To ensure the training effectively absorbs the curated data, the meta-LLM training engine jointly orchestrates the data selection logic, data composition, and LoRA training configuration as a single decision, refining all three across iterative trials. Because memory is a separable skill, it is trained as a distinct target rather than finetuning on full episodes. During inference, the inner loop runs two model instances sharing a single conversation history. The memory specialist, a LoRA-finetuned copy, handles the LOG routine and the memory-consultation portion of the PLAN routine. The gameplay model, the unmodified base, commits the world action. This separation ensures the training signal stays focused on memory-operation behavior while preserving the base model's competence at producing well-formatted world actions.
Experiment
The experiments evaluate a Qwen2.5-32B-Instruct agent on three procedurally generated long-horizon games, where scaffold optimization that revises prompts and external memory schemas alone more than triples task progression without any model weight changes, outperforming both larger models and standard context-window approaches. Adding a separate memory-proficiency training loop further improves performance, bringing the open-weight agent to a level competitive with frontier proprietary systems. Qualitative analysis reveals that the optimized scaffold reduces wasteful task repetition and redundant memory operations while compressing context, and the trained specialist internalizes a consult-before-write pattern that improves memory use, demonstrating that memory management is a highly effective axis for long-horizon agent behavior.
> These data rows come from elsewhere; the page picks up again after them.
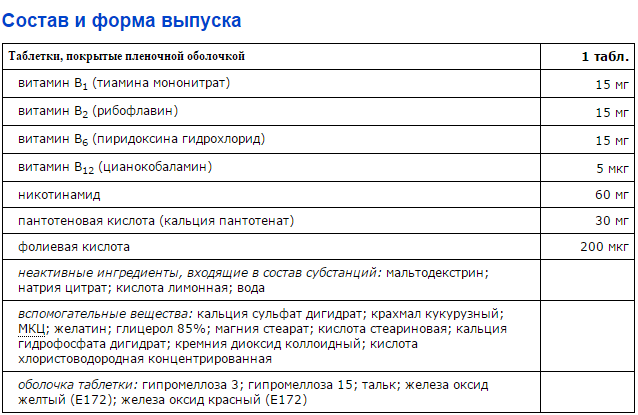 Мульти-табс B-Комплекс.png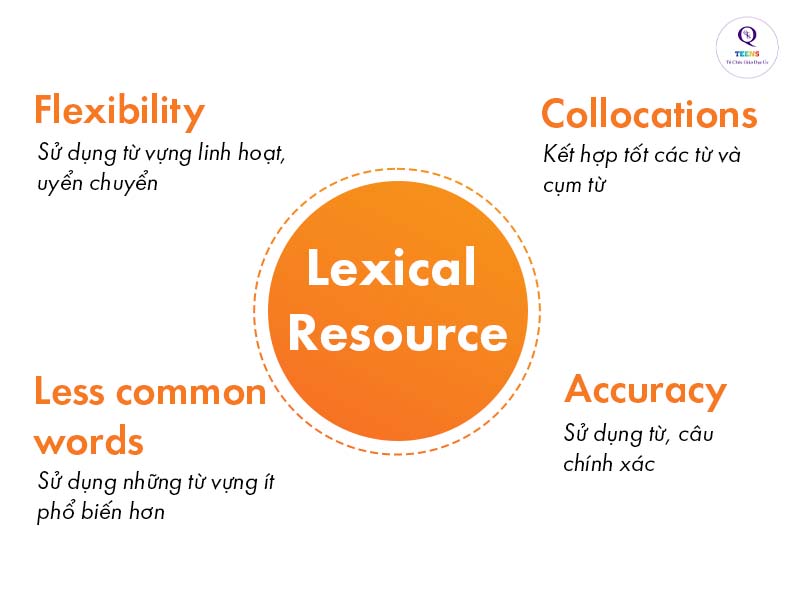 Lexical Resource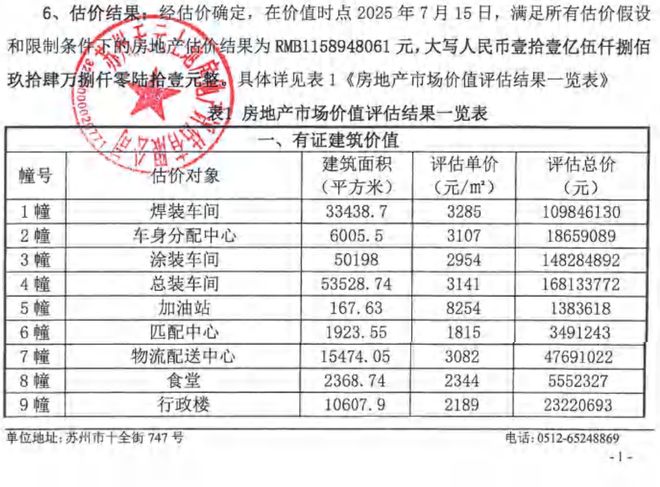 宝能姚振华实名举报，相关部门回应：举报不实，拍卖正常推进(3)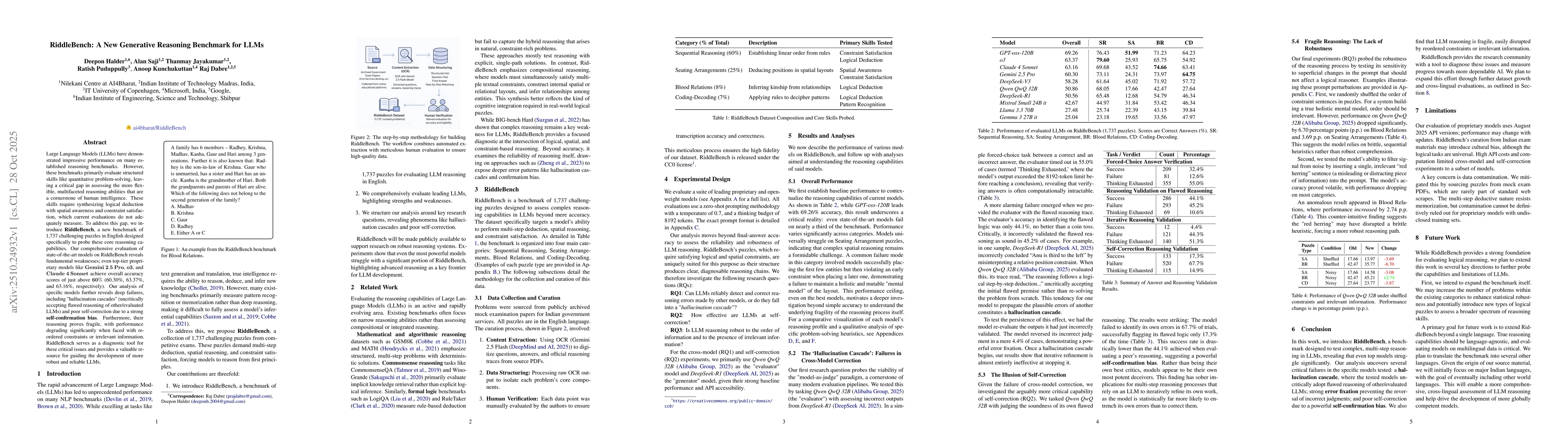 Thumbnail for RiddleBench: A New Generative Reasoning Benchmark for LLMs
Starting from a 32B open-weight model with basic context management, optimizing the agent’s memory scaffold doubles or triples progression rates across long-horizon games, and adding a memory-training loop yields further complementary gains that bring the model close to frontier proprietary systems. The improvements derive from structural changes that slash redundant logging by 95% and from training the model to consult existing memory before writing, reducing memory waste. Scaffold optimization alone multiplies progression rate by 1.9× on Crafter, 3.7× on MiniHack, and 3.7× on NetHack. With both scaffold optimization and memory training, the 32B model reaches 51.4% on Crafter, 30.0% on MiniHack, and 1.9% on NetHack, comparable to Claude-Opus-4.5 (49.5%, 27.5%, 2.0%). The evolved memory structure reduces per-step memory growth from 138 to 6 characters (95% reduction), eliminating unbounded append-only log bloat.
Training a memory specialist sharply reduces memory writes per search, instilling a consult-before-write discipline. The specialist searches existing files before appending new content, cutting the write-to-search ratio by more than half in Crafter and by over 70% in MiniHack and NetHack. This internalized pattern complements the optimized scaffold's structured memory, leading to more efficient and goal-directed agent behavior. The write-to-search ratio drops from 0.84 to 0.39 in Crafter, 2.89 to 0.82 in MiniHack, and 4.66 to 1.31 in NetHack after training the specialist. The specialist consistently searches memory before writing, avoiding blind appends and reducing redundant logging by up to 72%.
Optimizing the agent’s memory scaffold and training a memory specialist to consult memory before writing dramatically improve performance on long-horizon tasks, bringing a 32B open-weight model close to frontier proprietary systems. Restructuring memory alone eliminates 95% of per-step log bloat and boosts progression rates, while memory training cuts redundant writes by more than half by instilling a disciplined consult-before-write pattern.